The key to progress toward adaptation of restorative justice frameworks is increased sensitivity to cross-cultural issues and dynamics that affect restorative justice programs and the administration of justice itself. Often the cultural backgrounds of victim, offender, and program staff member are different, and these differences can lead to miscommunication, misunderstandings, or, worse, revictimization of the victim.

This document's opening scenario demonstrates a brief exchange between people of different cultural backgrounds that left each participant feeling misunderstood, dissatisfied, and doubtful of the mediation's efforts to "humanize" the justice system.

A great danger when speaking of cross-cultural aspects is overgeneralization. There are as many differences within cultures as between cultures. For example, significant customs, communication styles, and world views distinguish the rural White from the urban White, the upper-class Black from the lower-class Black, the Mexican Latino from the Puerto Rican Latino, the reservation American Indian from the nonreservation American Indian. Differences within cultures are discussed later in this section, but first we consider variations across cultures.

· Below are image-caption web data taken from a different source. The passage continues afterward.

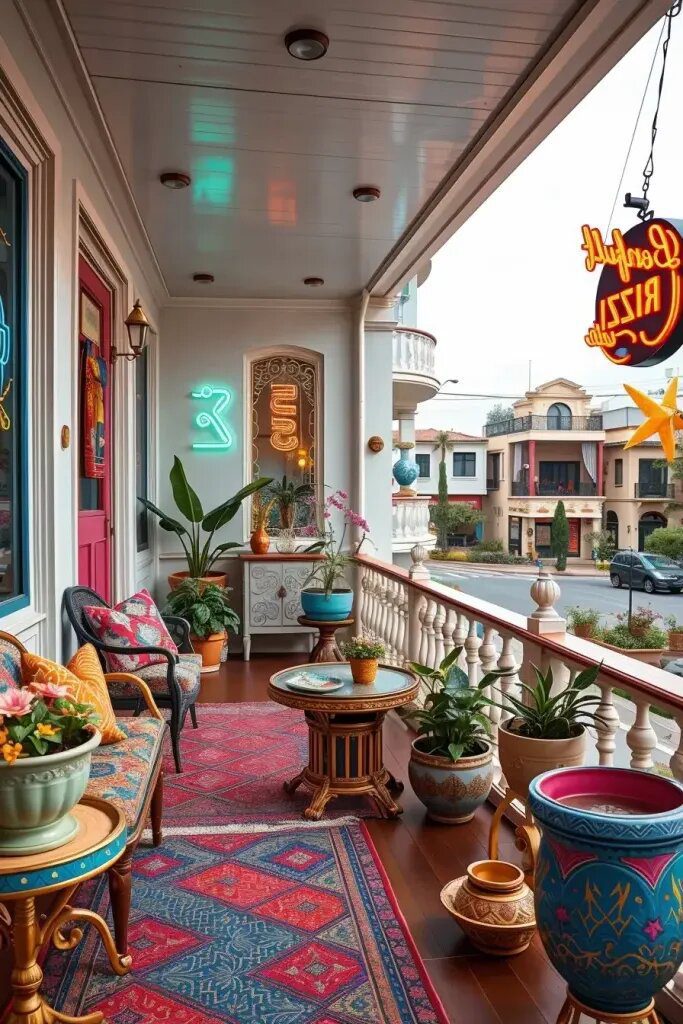Eclectic Balconies Bursting With Vibrant Style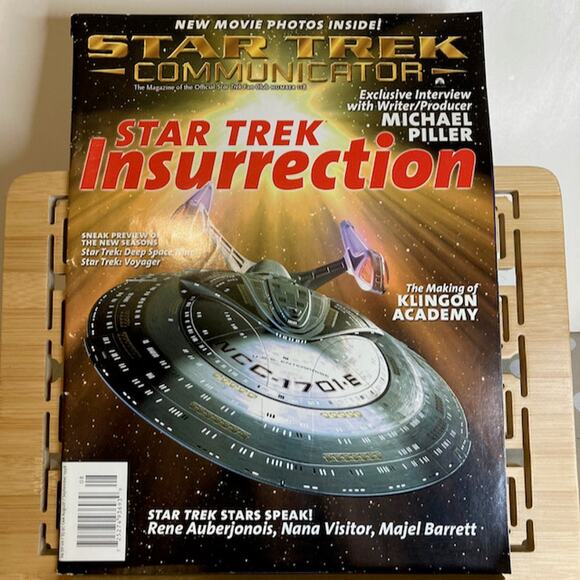Vintage 90s/Y2K Lot of 8 FANtastic Media Star Trek Communicator Magazines - Picture 9 of 9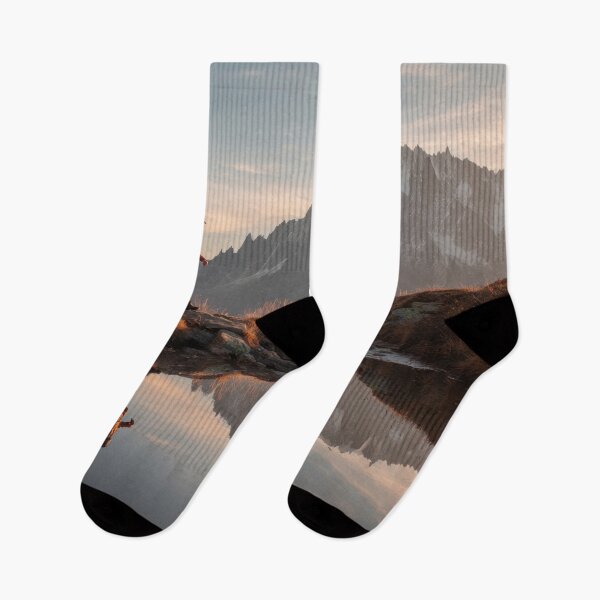 Item preview, Hiker treks by calm waters designed and sold by anytka.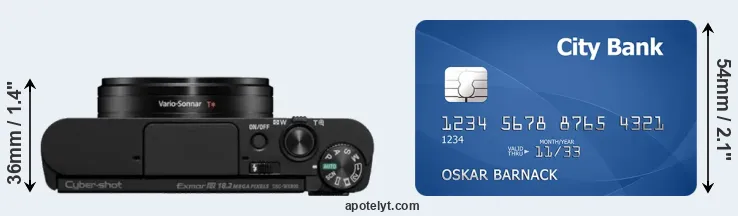 WX800 versus credit card top view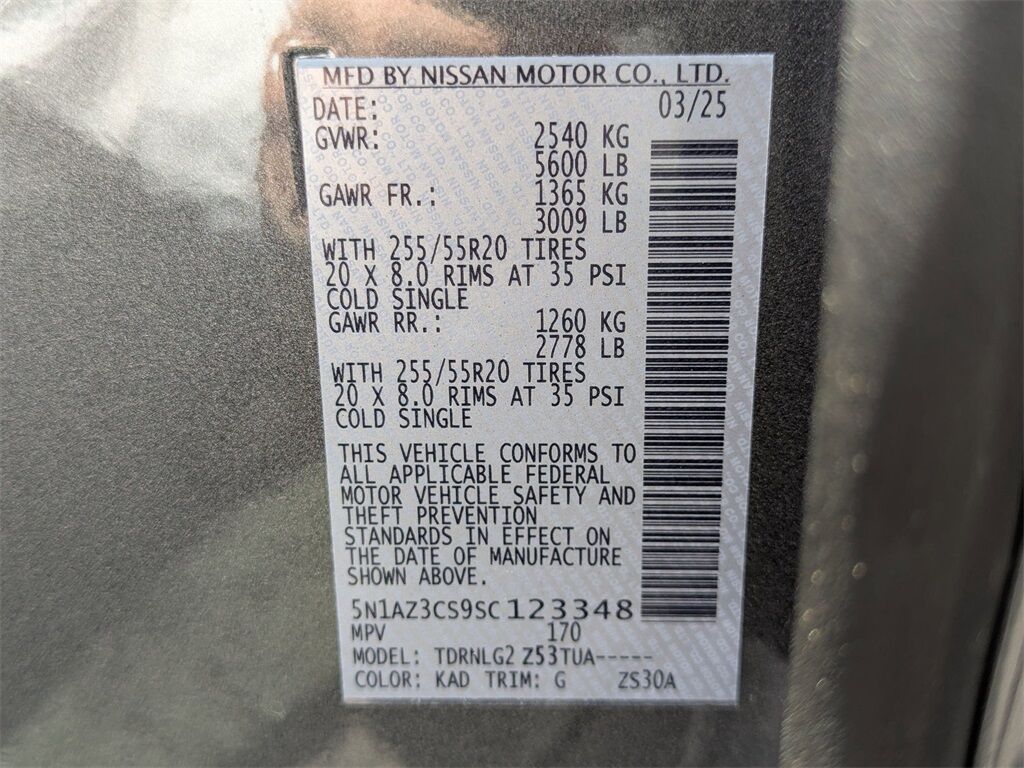 2025 Nissan Murano SL Kennesaw GA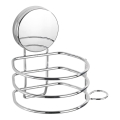WENKO 24857100-Hajszárító-tartó STATIC-LOC + OSIMO 14x13 cm fényes króm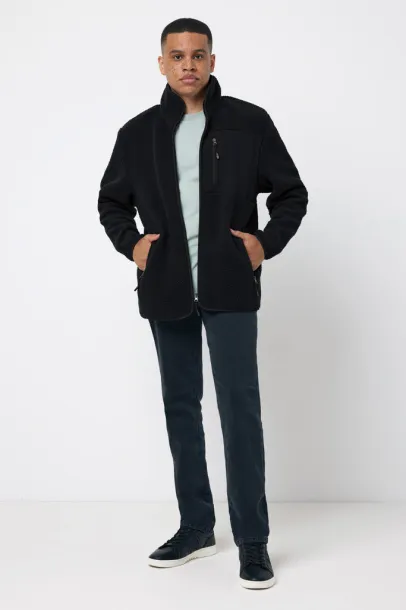 Iqoniq Diran recycled polyester pile fleece jacket - iqoniq Black
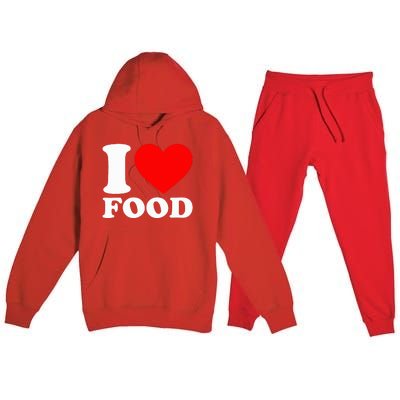 I Love Food Premium Hooded Sweatsuit Set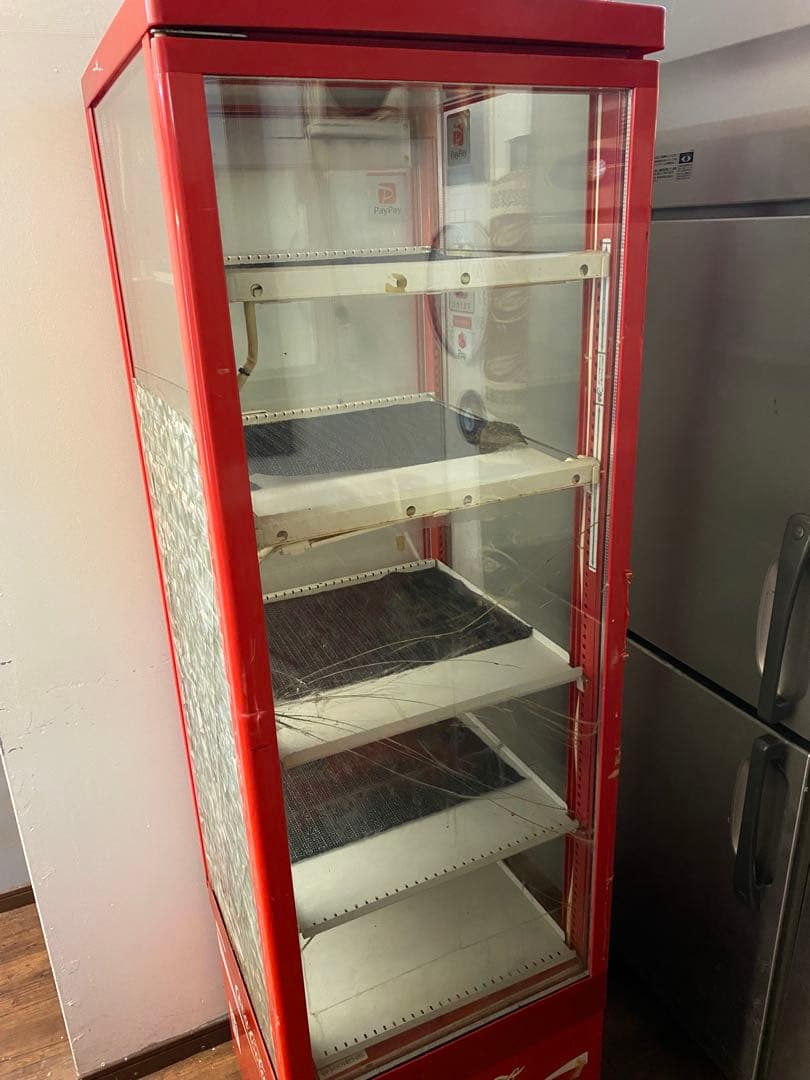 【どどんぱ】　【引き取り限定】コカコーラ 冷蔵ショーケース ガラス扉 4段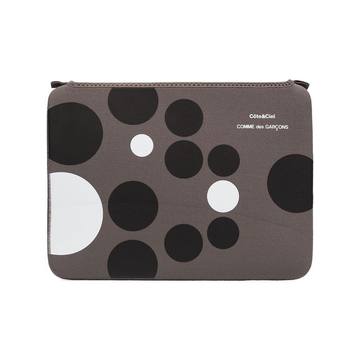 X Côte & Ciel grey 13 inch MacBook Air polka dot neoprene pouch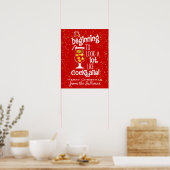 Frohe Weihnachts Funny Holiday Cocktail Poster (Küche)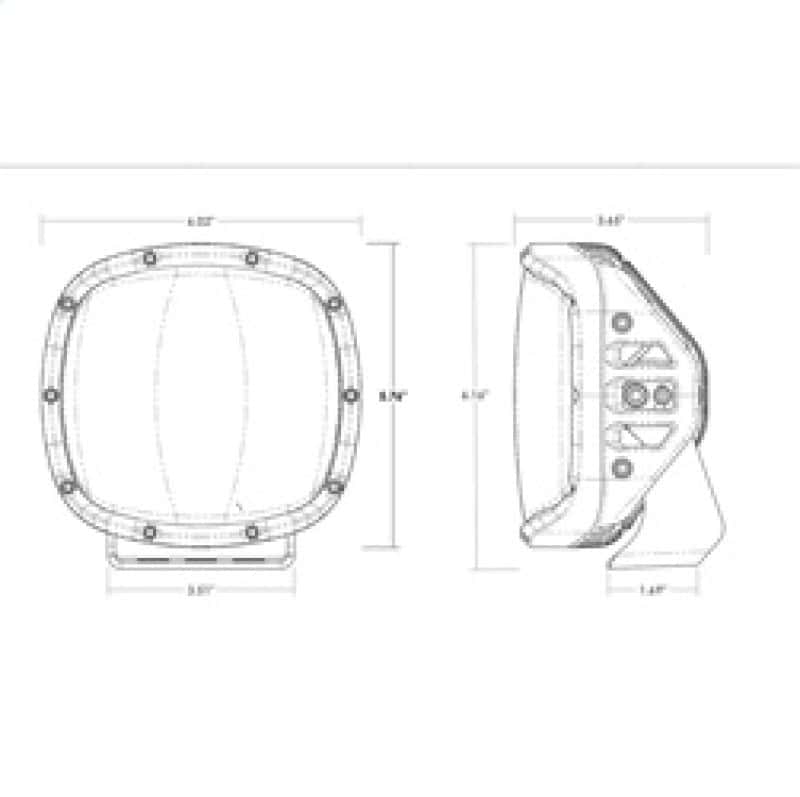 Rigid Industries — Rigid Industries Adapt XP w/ Amber PRO Lens (Pair)
ADAPT XP AMB/2 - view 4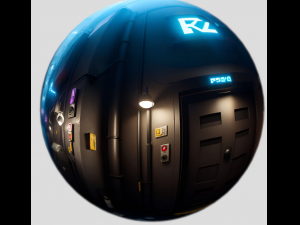 Skybox 2 Modello 3D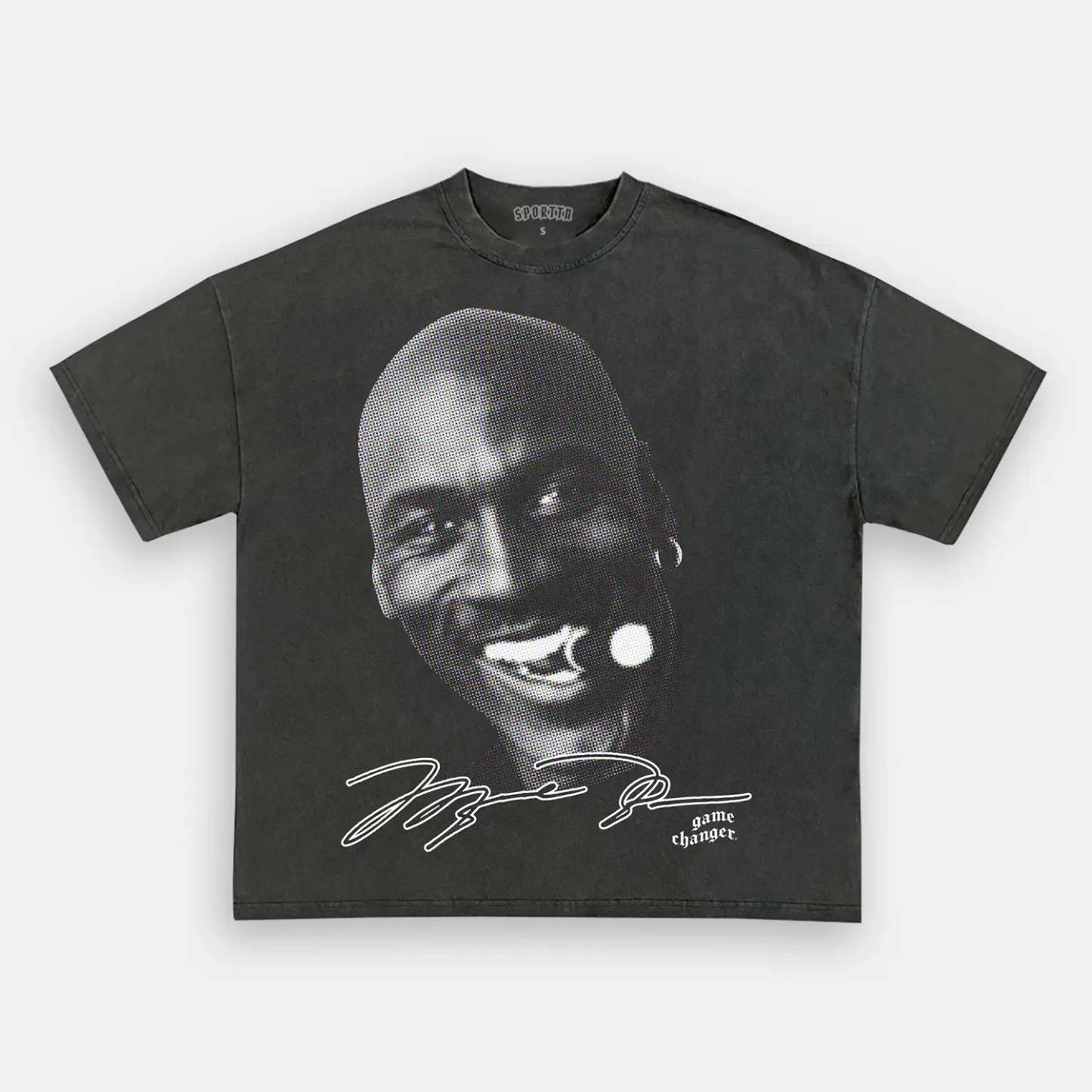 Unisex-Adult Ultra Cotton Washed T-Shirt Graphic BIG_FACE_JORDAN_TEE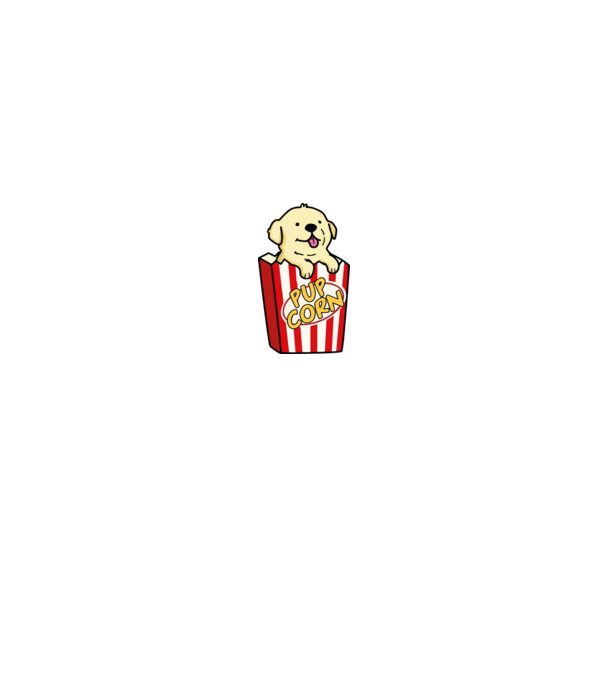 Pupcorn minta fehér/piros pólón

Differences between persons raised and living in unlike cultural settings are often reflected in communication styles, typically in the way points of view are communicated; consider the potential pitfalls in interpreting another's nonverbal communication. The following section draws considerably from research-based findings reported by D.W. Sue and D. Sue in Counseling the Culturally Different (1990).

Differences in Communication Styles

Proximity. Cultural experience may dictate how close to each other people stand when they converse. Generally, Latin Americans, Africans, Black Americans, Indonesians, Arabs, South Americans, and the French are more comfortable speaking with less distance between them than White Americans. In mediation or conversation, the White staff person is often seen backing away, possibly feeling confronted or attacked. The Latino victim will appear to be chasing the White American mediator across the room, believing the mediator to be aloof or thinking, "He believes he's too good for me." Both participants are misreading cues based on their cultural experiences and taking actions that will only reinforce misunderstandings. Another example of distance preference is the desire by many White Americans to keep a desk or table between themselves and the people they are talking to. In contrast, some Eskimos prefer sitting side by side when talking of intimate matters to sitting across from each other.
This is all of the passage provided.